===== Data for this exercise

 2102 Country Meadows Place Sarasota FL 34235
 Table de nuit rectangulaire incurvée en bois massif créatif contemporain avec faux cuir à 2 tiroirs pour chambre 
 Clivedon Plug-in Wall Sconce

==========
===== Data for this exercise

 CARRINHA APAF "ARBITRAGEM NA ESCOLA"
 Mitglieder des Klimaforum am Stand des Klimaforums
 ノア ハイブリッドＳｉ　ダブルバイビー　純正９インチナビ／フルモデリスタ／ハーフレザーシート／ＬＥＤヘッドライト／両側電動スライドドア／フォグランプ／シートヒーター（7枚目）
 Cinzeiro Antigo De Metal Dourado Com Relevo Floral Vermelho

==========

Task goal ▸ Print exactly the lines above, between the one holding "ノア ハイブリッドＳｉ　ダブ" and the one holding "Cinzeiro Antigo De", inclusive, and nothing besides.

Result of the exercise ▸
 ノア ハイブリッドＳｉ　ダブルバイビー　純正９インチナビ／フルモデリスタ／ハーフレザーシート／ＬＥＤヘッドライト／両側電動スライドドア／フォグランプ／シートヒーター（7枚目）
 Cinzeiro Antigo De Metal Dourado Com Relevo Floral Vermelho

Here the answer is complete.